Could you retype all of the records exactly, leaving out every picture?

(Data extracted from a collection)
▼▼▼
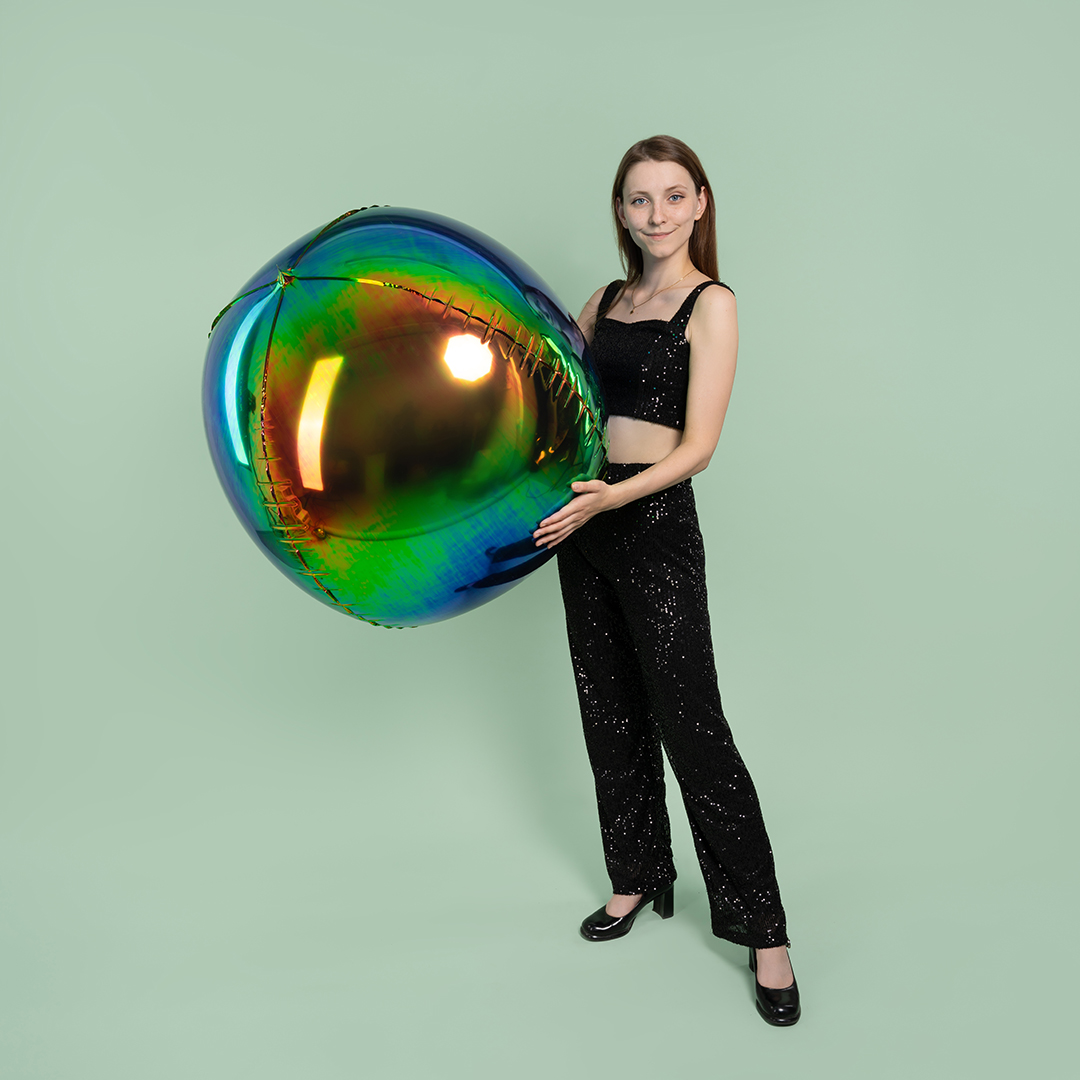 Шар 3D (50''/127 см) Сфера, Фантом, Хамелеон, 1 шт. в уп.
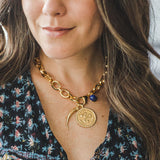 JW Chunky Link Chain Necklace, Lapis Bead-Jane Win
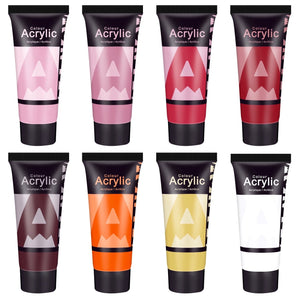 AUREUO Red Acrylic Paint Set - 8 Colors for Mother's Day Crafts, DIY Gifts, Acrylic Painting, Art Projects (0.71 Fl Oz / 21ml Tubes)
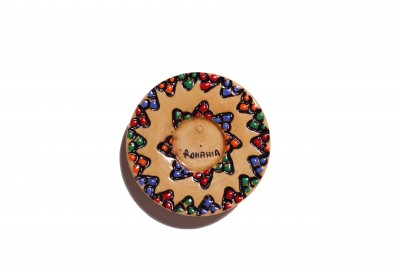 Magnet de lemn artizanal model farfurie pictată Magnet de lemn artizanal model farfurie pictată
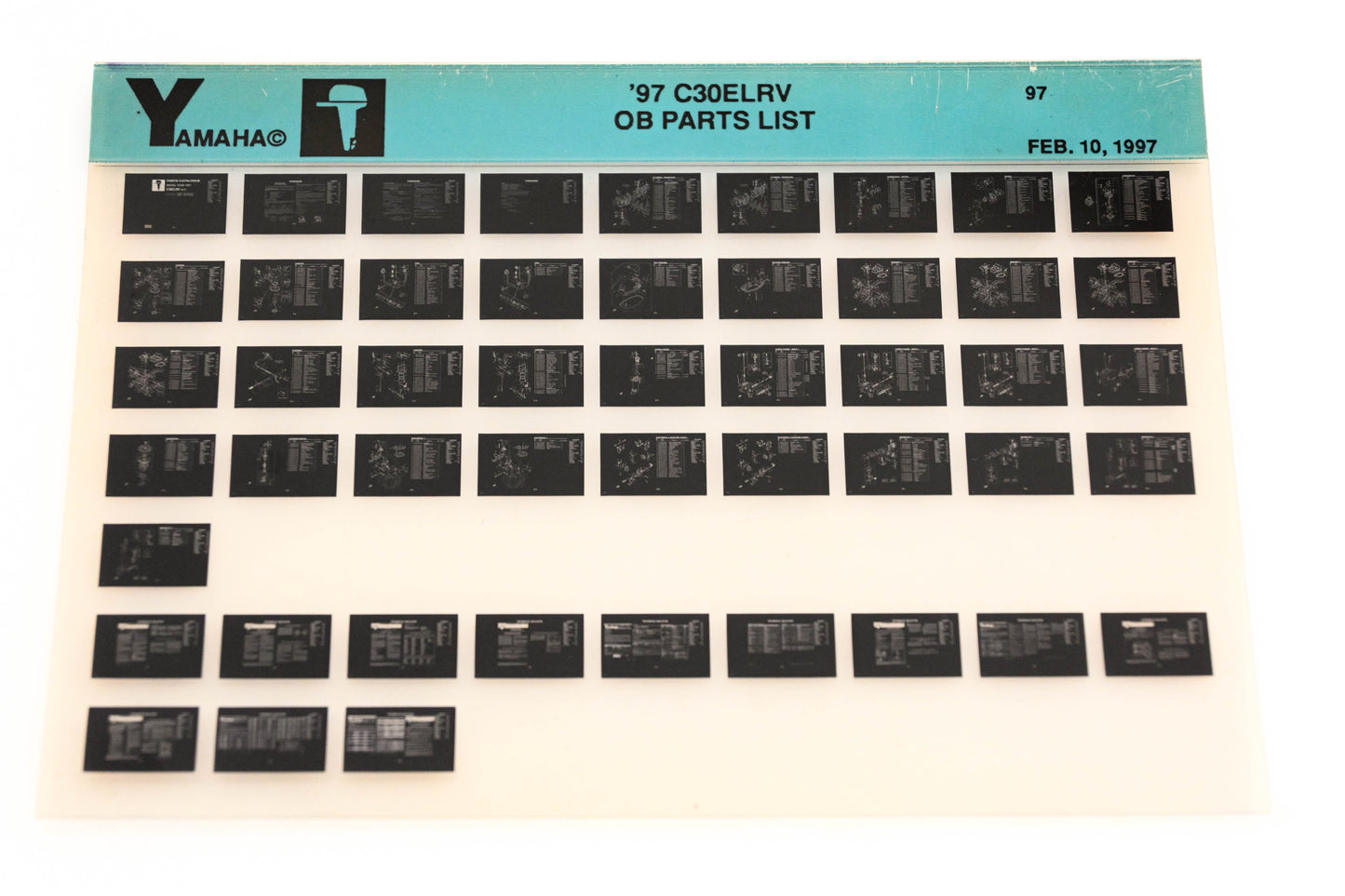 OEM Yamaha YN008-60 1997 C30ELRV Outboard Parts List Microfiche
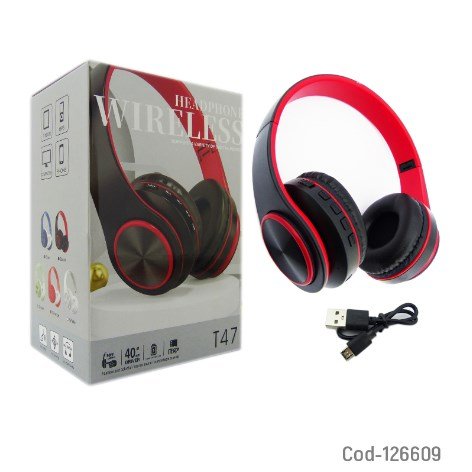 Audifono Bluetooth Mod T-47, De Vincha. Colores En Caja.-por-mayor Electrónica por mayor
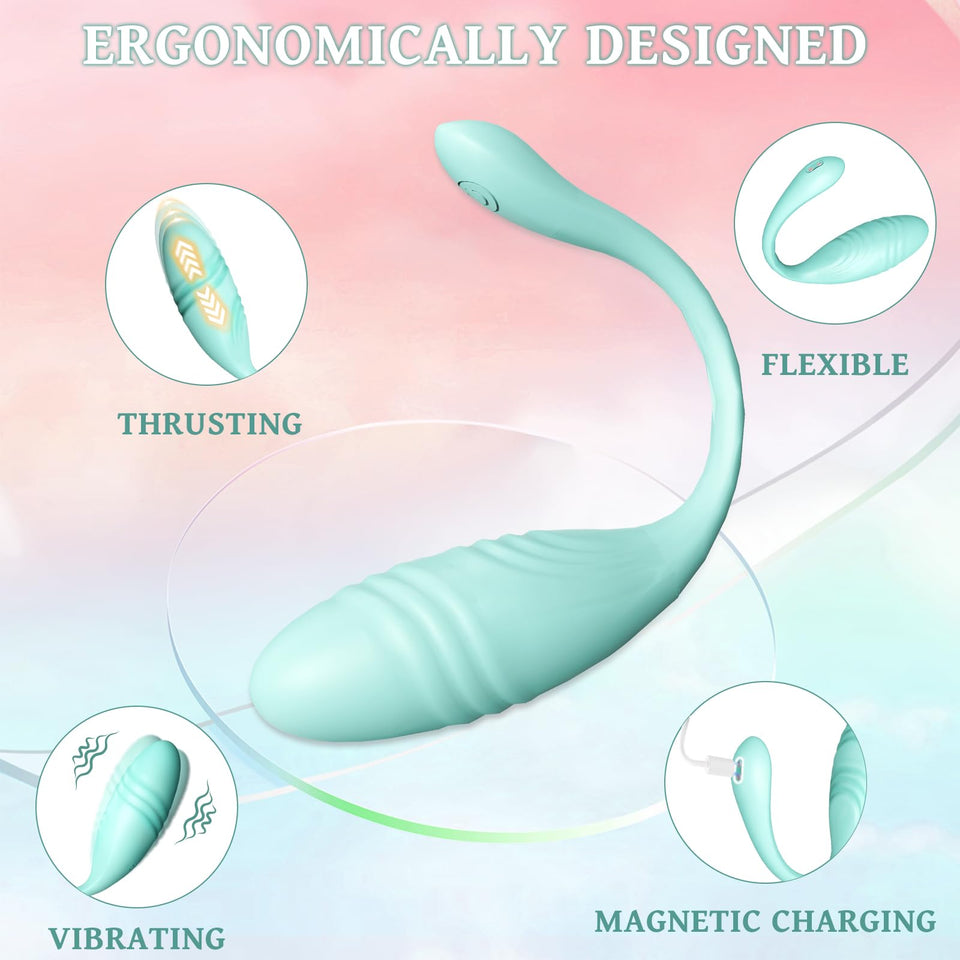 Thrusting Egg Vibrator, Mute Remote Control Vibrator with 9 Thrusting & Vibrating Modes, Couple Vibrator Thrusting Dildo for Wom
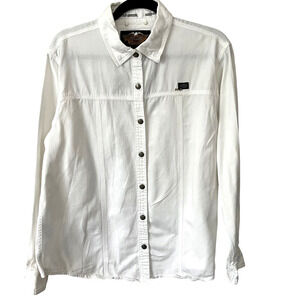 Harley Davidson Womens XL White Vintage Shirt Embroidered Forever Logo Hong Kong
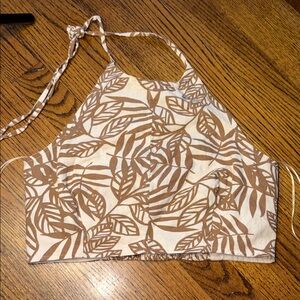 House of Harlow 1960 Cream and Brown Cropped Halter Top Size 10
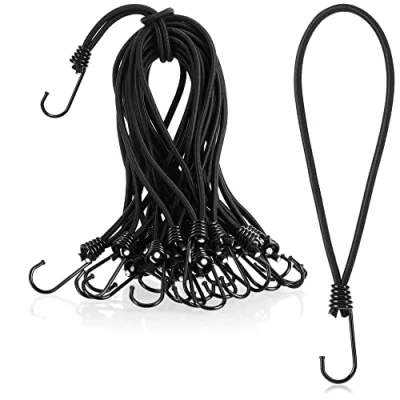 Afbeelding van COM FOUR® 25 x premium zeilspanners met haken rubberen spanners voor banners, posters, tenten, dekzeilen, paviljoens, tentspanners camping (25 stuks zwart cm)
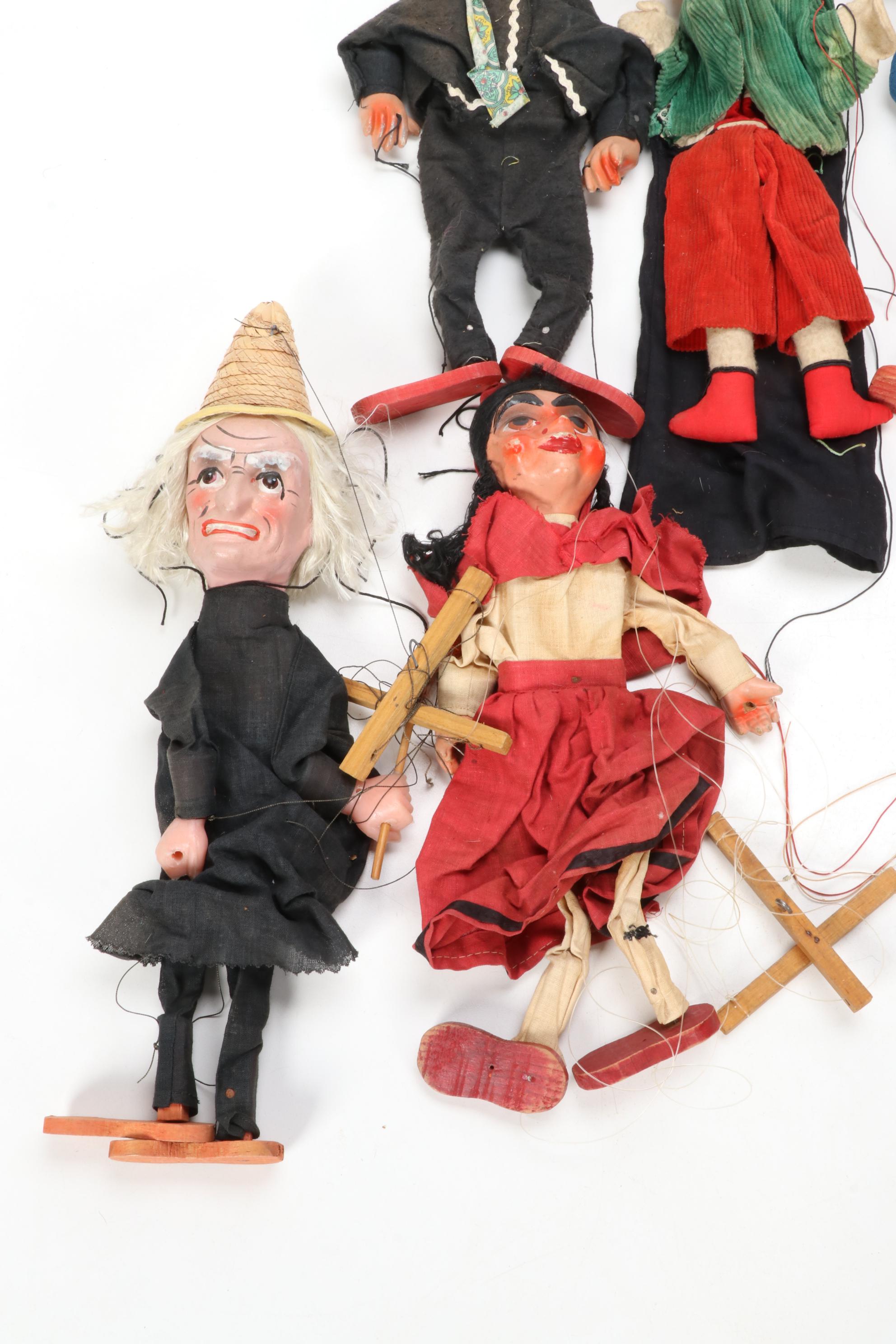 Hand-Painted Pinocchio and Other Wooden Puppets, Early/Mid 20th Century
▲▲▲
• _Solution to this exercise_
 Шар 3D (50''/127 см) Сфера, Фантом, Хамелеон, 1 шт. в уп.
 JW Chunky Link Chain Necklace, Lapis Bead-Jane Win
 AUREUO Red Acrylic Paint Set - 8 Colors for Mother's Day Crafts, DIY Gifts, Acrylic Painting, Art Projects (0.71 Fl Oz / 21ml Tubes)
 Magnet de lemn artizanal model farfurie pictată Magnet de lemn artizanal model farfurie pictată
 OEM Yamaha YN008-60 1997 C30ELRV Outboard Parts List Microfiche
 Audifono Bluetooth Mod T-47, De Vincha. Colores En Caja.-por-mayor Electrónica por mayor
 Thrusting Egg Vibrator, Mute Remote Control Vibrator with 9 Thrusting & Vibrating Modes, Couple Vibrator Thrusting Dildo for Wom
 Harley Davidson Womens XL White Vintage Shirt Embroidered Forever Logo Hong Kong
 House of Harlow 1960 Cream and Brown Cropped Halter Top Size 10
 Afbeelding van COM FOUR® 25 x premium zeilspanners met haken rubberen spanners voor banners, posters, tenten, dekzeilen, paviljoens, tentspanners camping (25 stuks zwart cm)
 Hand-Painted Pinocchio and Other Wooden Puppets, Early/Mid 20th Century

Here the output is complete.